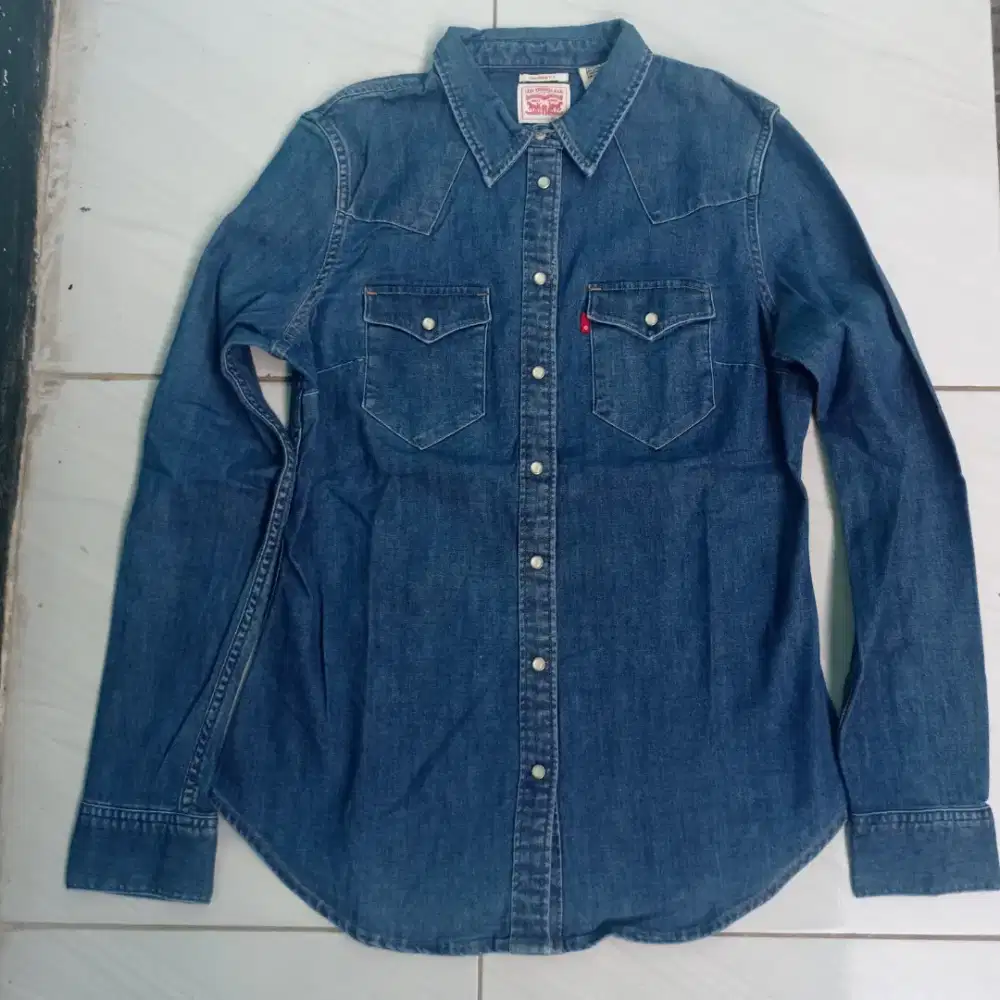 Jual kemeja cewek jeans levis original made in Srilangka
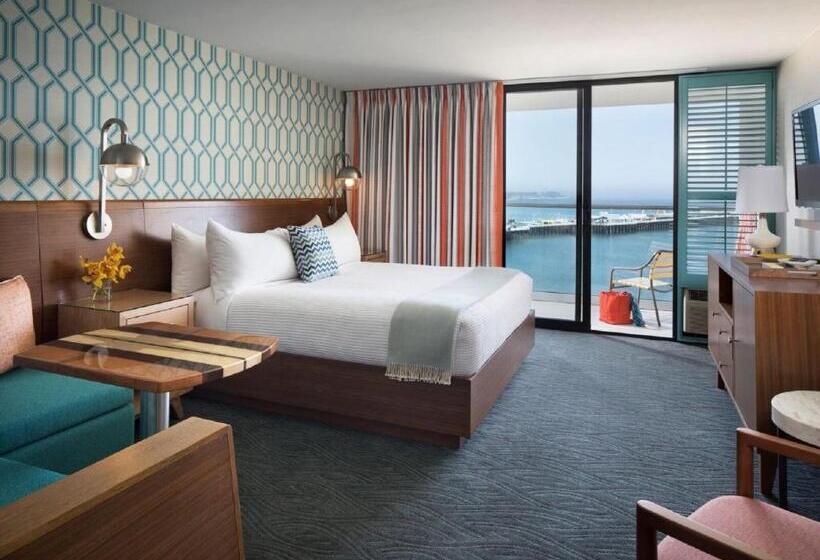 هتل Dream Inn Santa Cruz
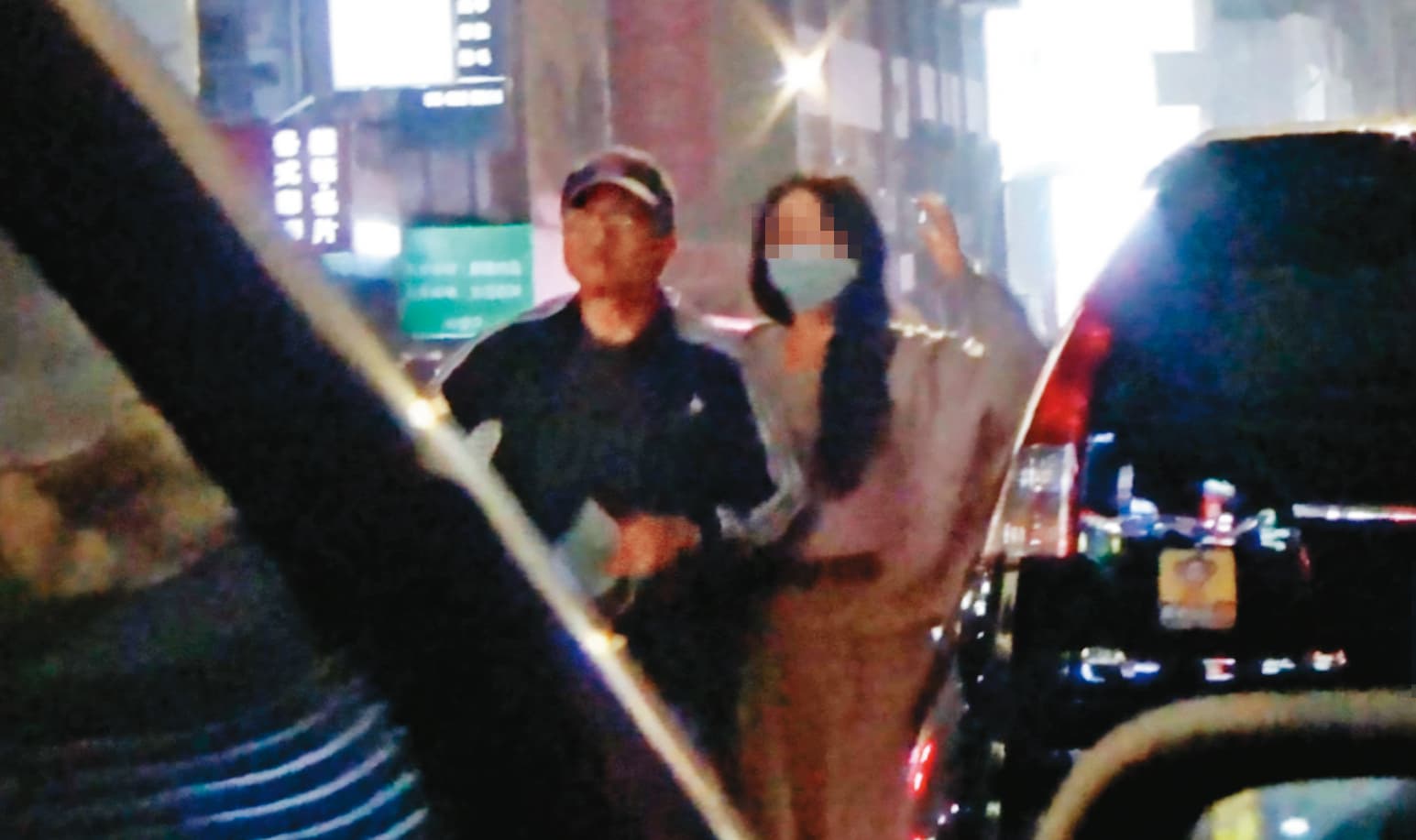 04/13 21:15 賴智明與吳女在外會避免親密互動，最多併肩而行。（讀者提供）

------

- [How to complete this task] This task asks for the data above repeated exactly, without a single picture.

- [Answer to this task]
 Jual kemeja cewek jeans levis original made in Srilangka
 هتل Dream Inn Santa Cruz
 04/13 21:15 賴智明與吳女在外會避免親密互動，最多併肩而行。（讀者提供）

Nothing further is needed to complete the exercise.